Recently, one Thomas Huggins in Orlando, Florida, decided that his pit-bull mix, Bandit, was getting too aggressive to safely handle or keep. So he did the only thing logical (to him). He killed her. By strangulation. With a plastic bag and his bare hands.

Pretty bad, huh? Unfortunately, we’re just getting started.

After killing Bandit, Huggins proceeded to skin the carcass, eviscerate the torso, decapitate her, and then dismember and dice her with a steak knife.

When the police arrived (it’s not immediately apparent how they were tipped), they found Bandit’s ribs cooking in a pot on the stove, along with veggies and seasoning. Other body parts were in the freezer in plastic baggies. The head, skin, and entrails were in the trashcan. Huggins was arrested on the spot.
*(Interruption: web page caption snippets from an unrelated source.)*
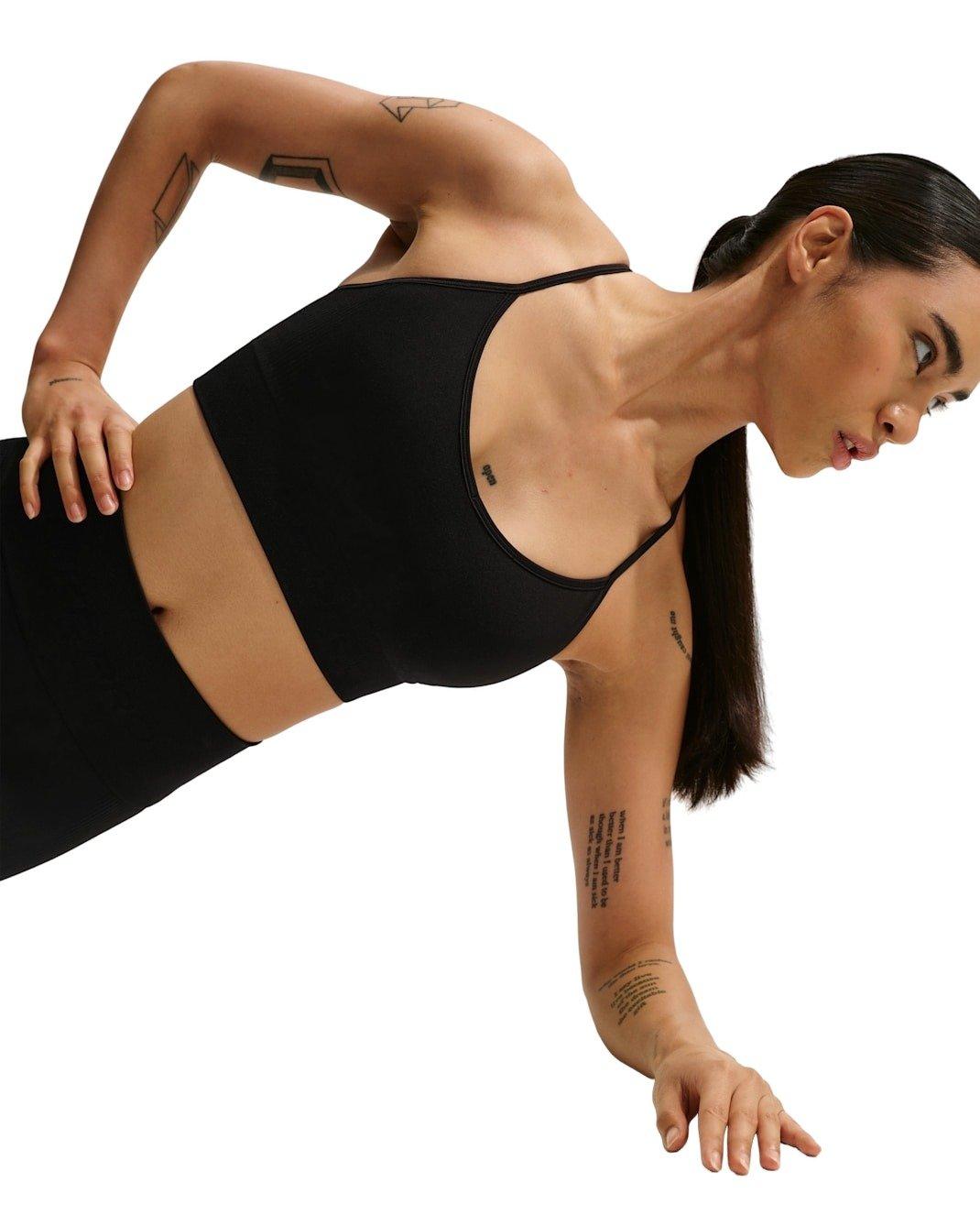 Nike Women's Pro Seamless Light-Support Padded Sports Bra -Black - BLACK Thumbnail View 3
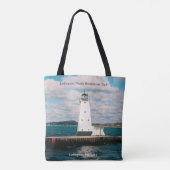 Ludington North Breakwater Light over de canvas ta Tote Bag (Achterkant)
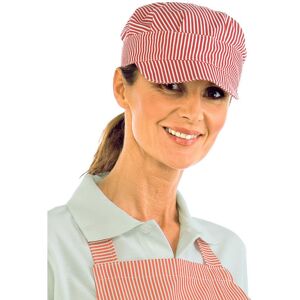 ISACCO Casquette serveur sam blanc Raye rouge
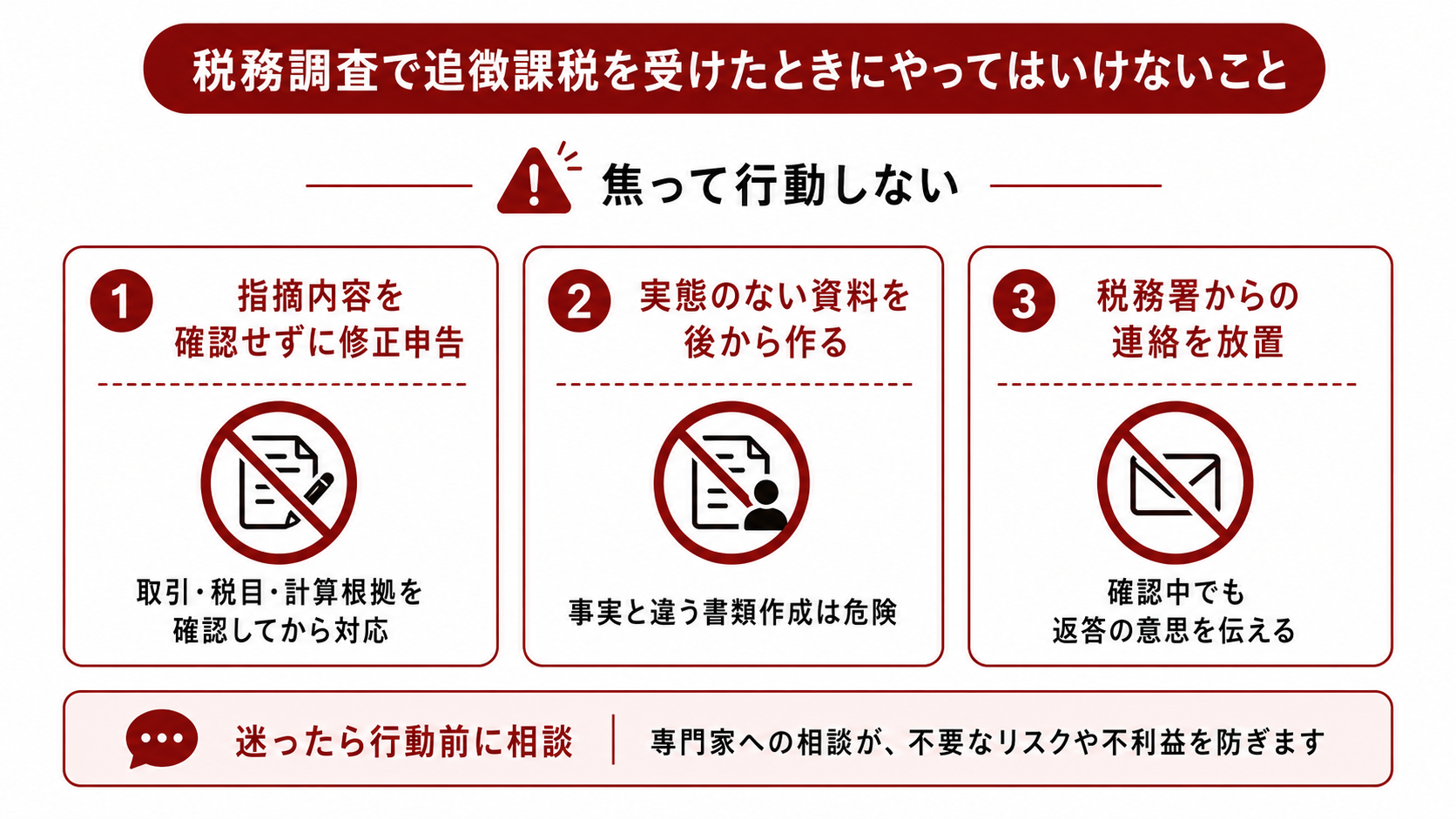 税務調査で追徴課税を受けたときにやってはいけないこと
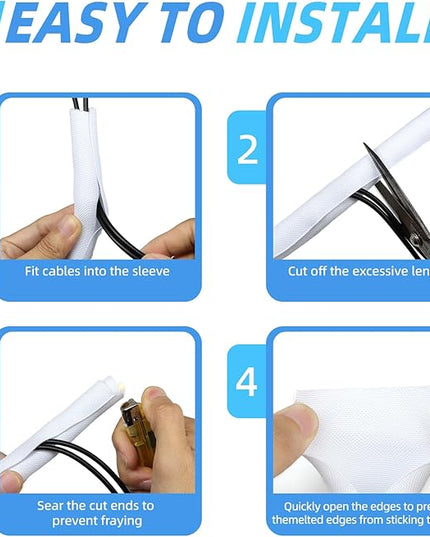 Automotive Wire Loom Tubing, Split Braided Cord Protectors from Pets No Chew, Flexible Cable Sleeve Cable Management for TV/Computer/Electric Wires (White, 3/8"-25ft)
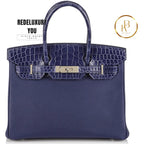 Birkin 30 In Bleu Touch Veau Togo/Croc Nilo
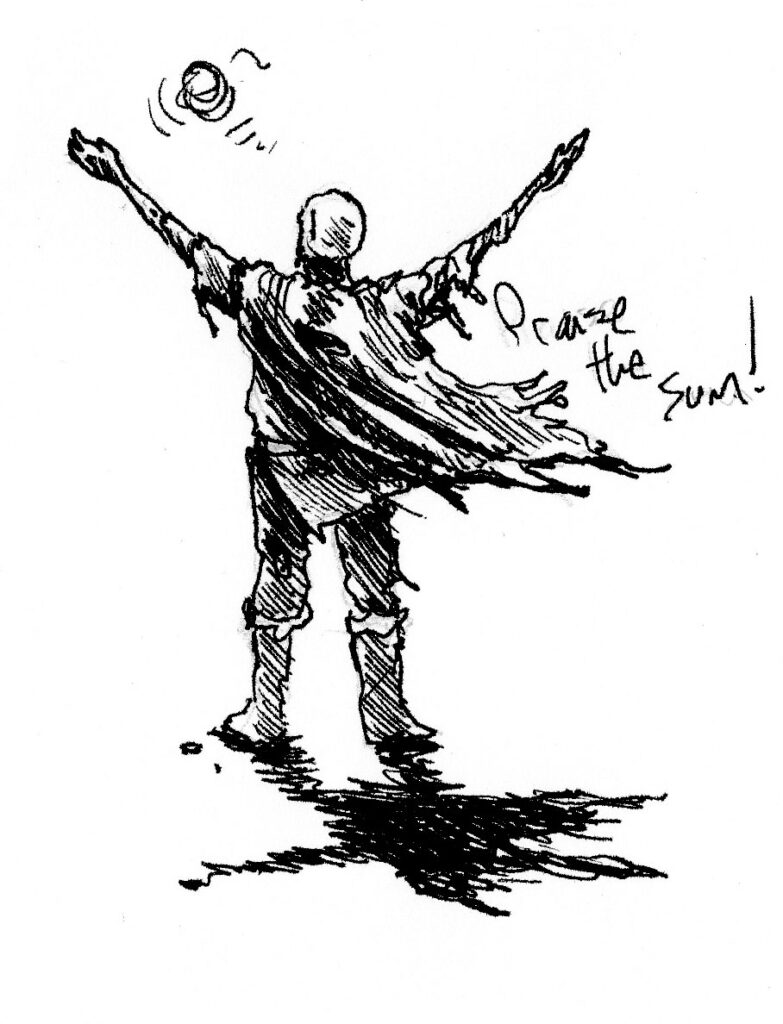 praise the sun pen drawing
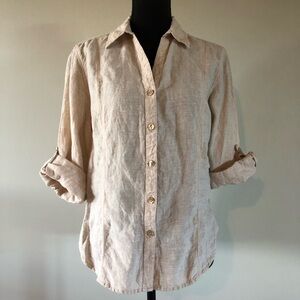 Women’s Fresh Produce Beige Button-Up Linen Shirt size S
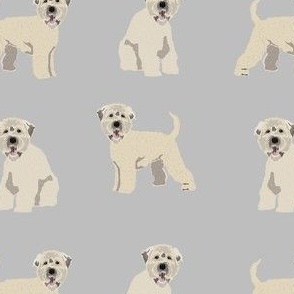 irish wheaten terrier dog fabric - soft coated wheaten terrier fabric, dog fabric, dogs fabric, dog breed fabric, cute dog fabric -  grey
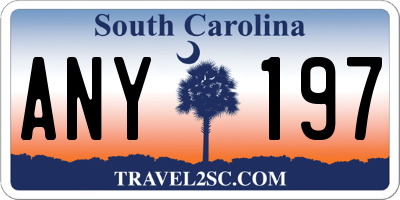 SC license plate ANY197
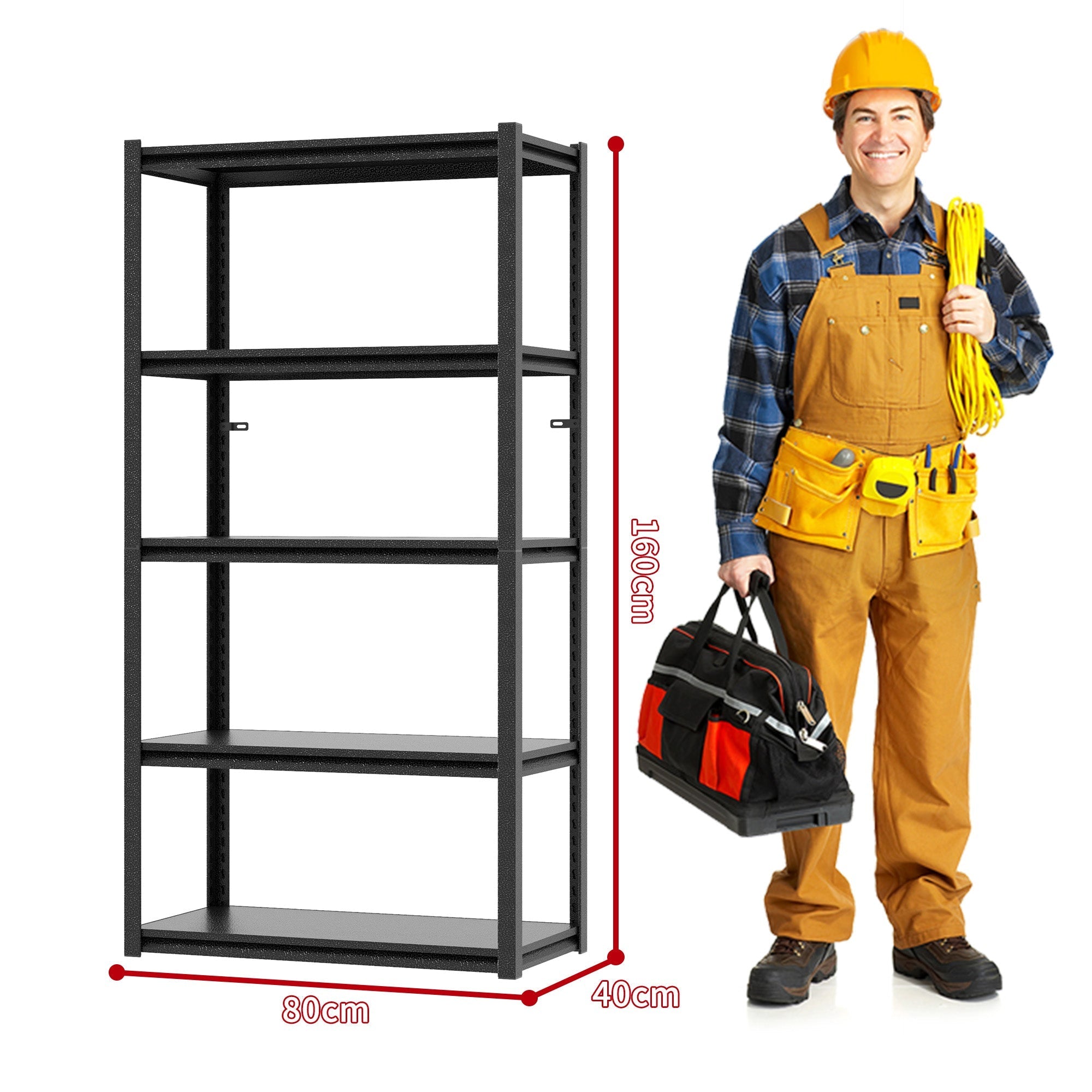 Metal Shelving Unit 5-Tier 160cm H Adjustable 650kg Load - Steel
Initially at trial (and apparently prior to Huggins’ confession), veterinarian Bill Zingalie testified that he was unable to determine the exact cause of death, as “the evidence came in four different bags.” And had been cooked.

But later, once the details were known, the dismembering of the pet was deemed inadmissible by Judge Samantha Ward, as it lacked relevance.

Lacked relevance?!

As a prison psychiatric director, I see a lot of people who have been convicted of both animal cruelty as well as homicide. It is accepted within forensic circles that a killing that occurs with bare hands against a struggling victim – as opposed to those performed more remotely – often involves rage and, not uncommonly, a degree of psychopathology not found in garden-variety shootings.

It’s also known that those who abuse humans usually commence their careers with animals.

I would offer that the culinary experiment is very relevant. But Judge Ward differed, holding that cooking of the dog couldn’t be considered cruel because, by then, the dog was already dead.

Nevertheless, last month after only one hour of deliberation, Huggins was convicted of (3d-degree) felony animal cruelty, carrying a maximum of five years in prison. The results of his psychiatric evaluation have not been made public as of this writing. He will be sentenced this coming Thursday, December 19th.